The problem as given:

[itex]y'' + 2y' + 5y = 10\cos t[/itex]

We want to find the general solution and the steady-state solution. We're using [itex]\mu y'' + c y' + k y = F(t)[/itex] as our general form.

OK, so I first want the general solution to the 2nd order DE. That should be easy: the characteristic equation is [itex]\lambda^2 + 2\lambda + 5[/itex] and it has imaginary roots at [itex]-1 \pm \sqrt{-4}[/itex] which is [itex]-1\pm 2i[/itex].

So the general solution should be [itex]y=C_1e^{-t} \cos 2t + C_2e^{-t}\sin 2t[/itex]
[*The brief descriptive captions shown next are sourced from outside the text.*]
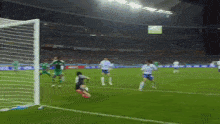 a soccer game is being played in a stadium with a sign that says ' coca cola ' on it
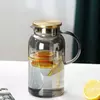 Elegant glass water pitcher featuring a stainless steel lid and ergonomic handle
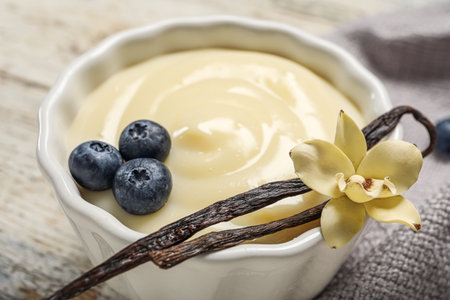 Ramekin of delicious vanilla pudding on table, closeup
The steady state solution is given by the Fourier series [itex]y_p(t) = \alpha_0 + \sum_{n=0}^\infty \left( \alpha_n\cos \frac{n\pi}{p} t + \beta_n \sin \frac {n\pi}{p}t\right)[/itex]

But we needn't be that complicated, it seems to me, since could try looking for solutions in the form of [itex]y_p = A \sin t + B \cos t[/itex].

We differentiate and we get [itex]y_p' = A \cos t - B \sin t[/itex] and [itex]y_p'' = -A \sin t - B \cos t[/itex].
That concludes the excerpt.